What we found, which MSHA doesn’t mention, is that in just the last five years, there have been 1,500 new cases of progressive massive fibrosis, the advanced stage of black lung disease, as reported by these clinics. The total since 2010, since that’s as far back as we go in our survey of clinics, is over 4,000 cases of this horrific, fatal disease. There is no cure. We also, by the way, looked at how many excessive exposures there have been in coal mines in recent years. At the new limit — say the new limit was in place since 2016 — we found over 5,000 excessive exposures at the new limit.

So what these numbers sort of provide is a sense of how serious this situation is, how much over exposure continues to occur, and how much disease continues to occur. That’s not in this proposed rule making. In fact, the numbers presented for silica dust exposure since 2016 by the Mine Safety and Health Administration, they just have numbers from 2016 to 2021. They don’t report how many excessive exposures there were in this document. They report that there were 93 percent of exposures that were within the limit. Well, that sounds like a great number, 93 percent. It sounds like, “Oh, things aren’t so bad.” But that other 7 percent represents more than 5,000 excessive exposures. And because this is such a toxic substance, that’s a lot of potential disease and death. You got to understand that for proposed rule making that this process involves.

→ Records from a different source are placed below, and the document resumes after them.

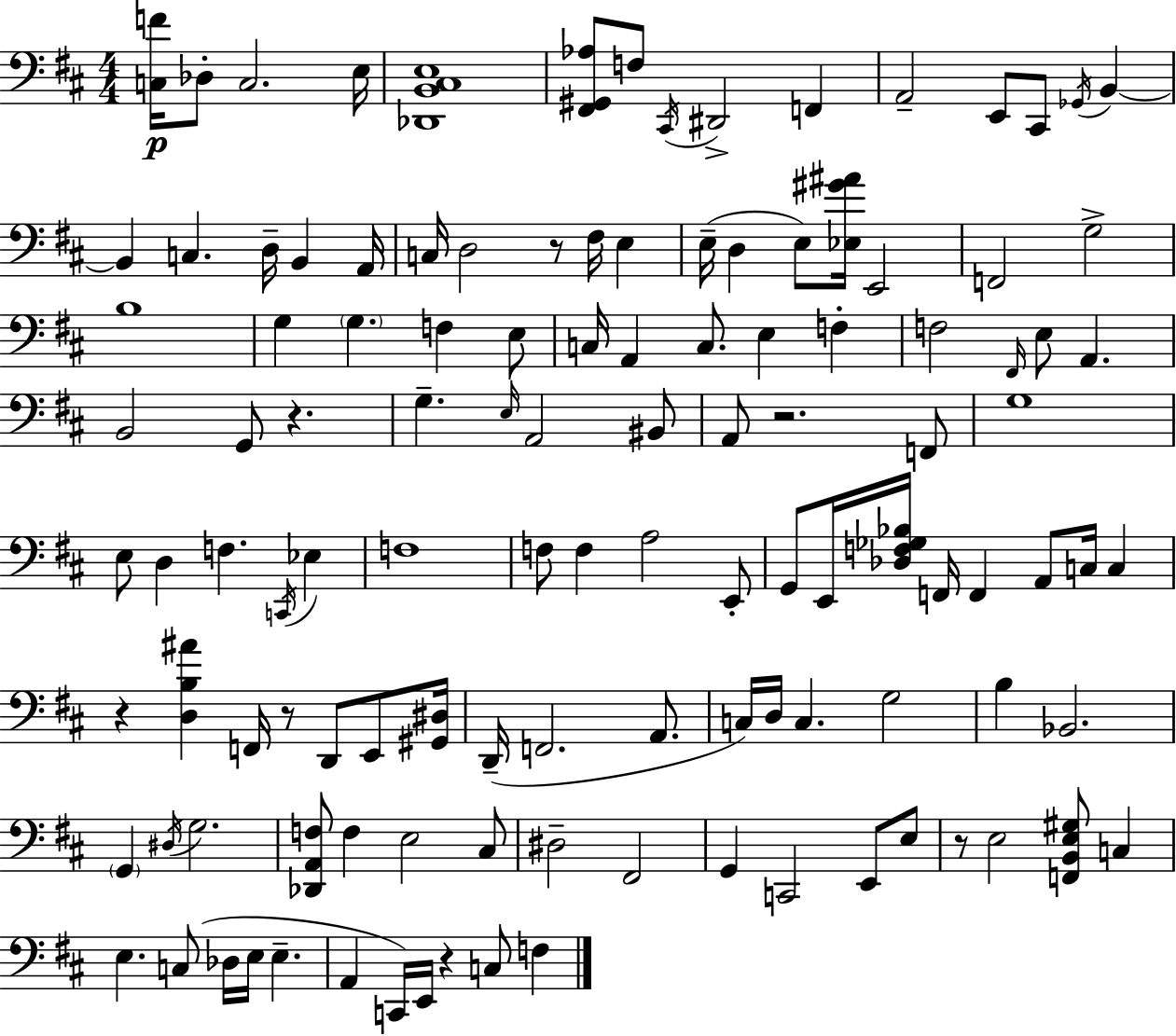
X:1
T:Untitled
M:4/4
L:1/4
K:D
[C,F]/4 _D,/2 C,2 E,/4 [_D,,B,,^C,E,]4 [^F,,^G,,_A,]/2 F,/2 ^C,,/4 ^D,,2 F,, A,,2 E,,/2 ^C,,/2 _G,,/4 B,, B,, C, D,/4 B,, A,,/4 C,/4 D,2 z/2 ^F,/4 E, E,/4 D, E,/2 [_E,^G^A]/4 E,,2 F,,2 G,2 B,4 G, G, F, E,/2 C,/4 A,, C,/2 E, F, F,2 ^F,,/4 E,/2 A,, B,,2 G,,/2 z G, E,/4 A,,2 ^B,,/2 A,,/2 z2 F,,/2 G,4 E,/2 D, F, C,,/4 _E, F,4 F,/2 F, A,2 E,,/2 G,,/2 E,,/4 [_D,F,_G,_B,]/4 F,,/4 F,, A,,/2 C,/4 C, z [D,B,^A] F,,/4 z/2 D,,/2 E,,/2 [^G,,^D,]/4 D,,/4 F,,2 A,,/2 C,/4 D,/4 C, G,2 B, _B,,2 G,, ^D,/4 G,2 [_D,,A,,F,]/2 F, E,2 ^C,/2 ^D,2 ^F,,2 G,, C,,2 E,,/2 E,/2 z/2 E,2 [F,,B,,E,^G,]/2 C, E, C,/2 _D,/4 E,/4 E, A,, C,,/4 E,,/4 z C,/2 F, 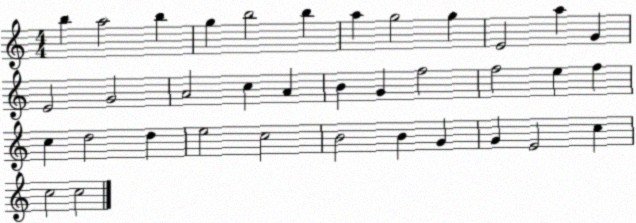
X:1
T:Untitled
M:4/4
L:1/4
K:C
b a2 b g b2 b a g2 g E2 a G E2 G2 A2 c A B G f2 f2 e f c d2 d e2 c2 B2 B G G E2 c c2 c2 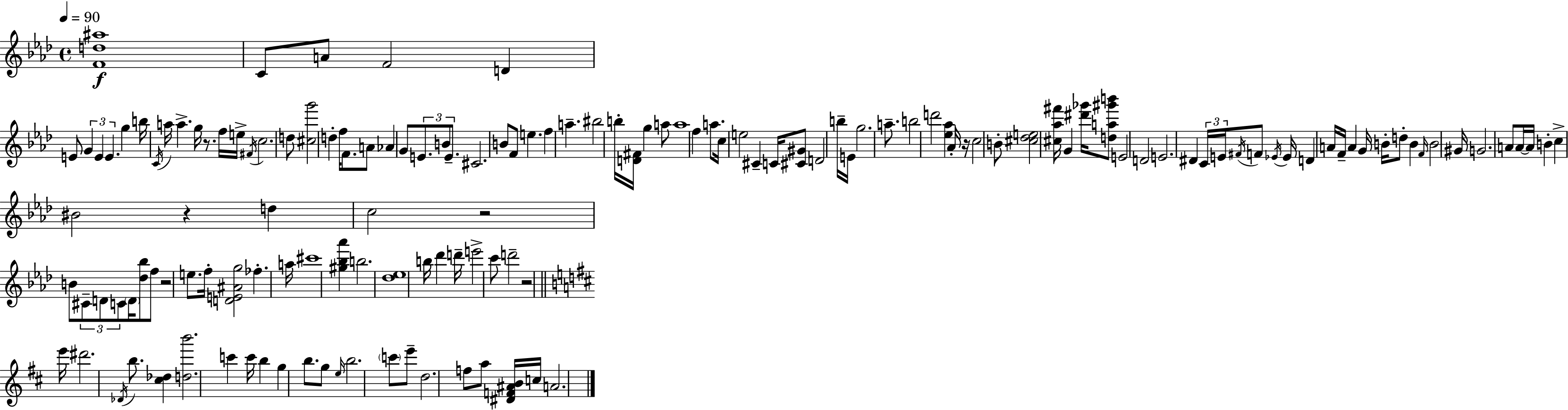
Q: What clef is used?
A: treble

Federal Mine Safety Chief Christopher Williamson addresses a crowd gathered in Arlington, Virginia, on Aug. 3, 2023, for a public hearing on proposed silica dust regulations. Williamson is the first mine safety chief to directly address overexposure to toxic silica dust.

Credit: Justin Hicks/Louisville Public Media

So right now, it’s proposed, you mentioned that there’s this comment period that has taken place, that the industry and the public and mine safety advocates and miners get to comment on it. Before there’s a final rule, the Department of Labor has to approve whatever the final rule might be. The Office of Management and Budget has to approve this final rule. We’ve got an election year coming up. There’s often sensitivity from the White House and the Office of Management and Budget on anything that might make voters not vote for candidates that the administration supports or might not vote for the president again, if there’s something in this that offends them.

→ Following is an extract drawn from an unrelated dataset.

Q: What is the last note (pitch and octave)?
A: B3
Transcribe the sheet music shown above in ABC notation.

I’ve seen this happen in the past, where regulatory action was stalled in order to hold off until after an election. There may be other reasons that there could be concerns or objections, budget-wise or otherwise, from the impact on the industry. So it’s important, if you’re going to state your case, to state it as strongly as possible. This rule making does not state that case as strongly as possible. There may be lawsuits from the mining industry over this. So it’s puzzling to me why they didn’t do that. When we asked the Mine Safety Administration, they said, “The comment period exists so that people can tell us what we might need to do better. And this will be one of the things that we consider if people comment on this.

Adams: It’s mind-blowing to think that this represents thousands of people. And behind each of these numbers is a human being. You’ve interviewed dozens of these miners. What have you taken away from those interviews that’s not necessarily reflected in the data?

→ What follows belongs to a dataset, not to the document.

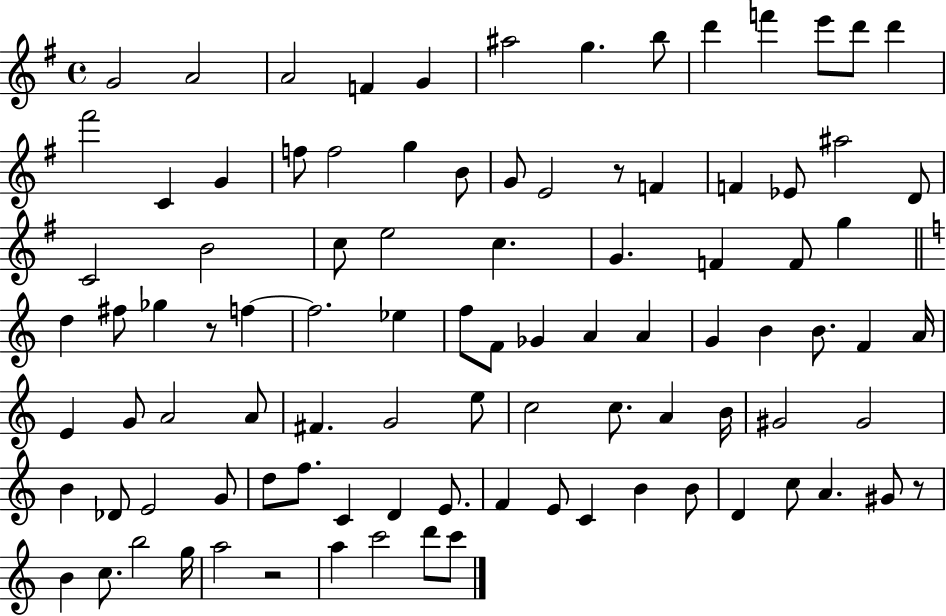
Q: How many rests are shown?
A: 4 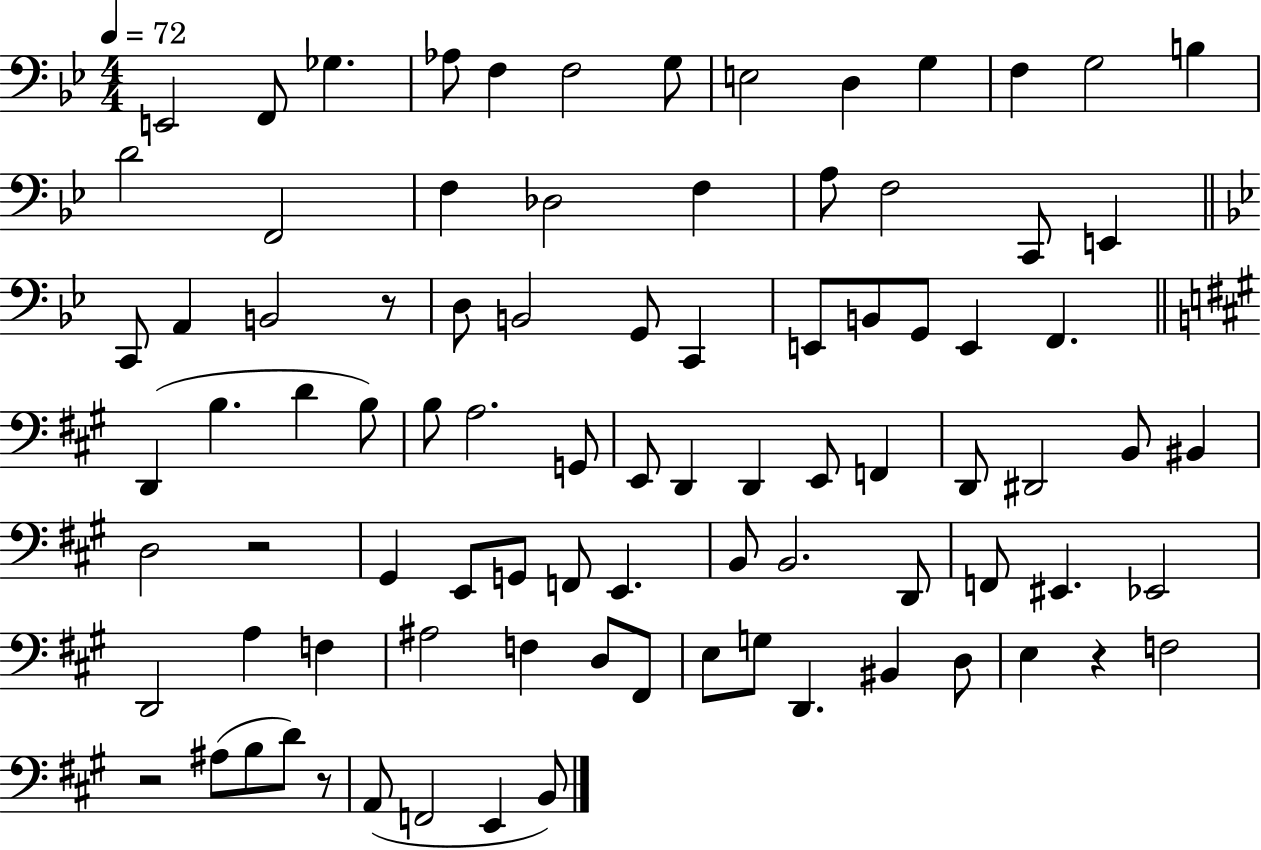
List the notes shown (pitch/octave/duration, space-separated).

Berkes: I want to point out that every one of those miners had progressive massive fibrosis. We interviewed miners who had the worst stage of disease. One of the things they all talked about was what their prospects were for the future. Many of them watched fathers, brothers, uncles, grandfathers die of black lung disease, and so they know what they face. This is a tragedy that strikes generations and families: Fathers that won’t see their kids grow up. Fathers that won’t see their daughters at their weddings, won’t see high school graduations. And actually, it’s not just men, there are women miners with this disease as well.

The tragic nature of this is just so astounding and moving and deep. When you talk to a miner with severe disease at advanced stages, they can hardly get a sentence out without coughing or without having to pause for very deep breaths. A miner in my story, Danny Smith, who was diagnosed at 39, he’s 51. Now, he has his grave site picked out. I tried to call him in the last couple of weeks, and his breathing is so labored, he said he can’t get through a phone call. So we were communicating by text message.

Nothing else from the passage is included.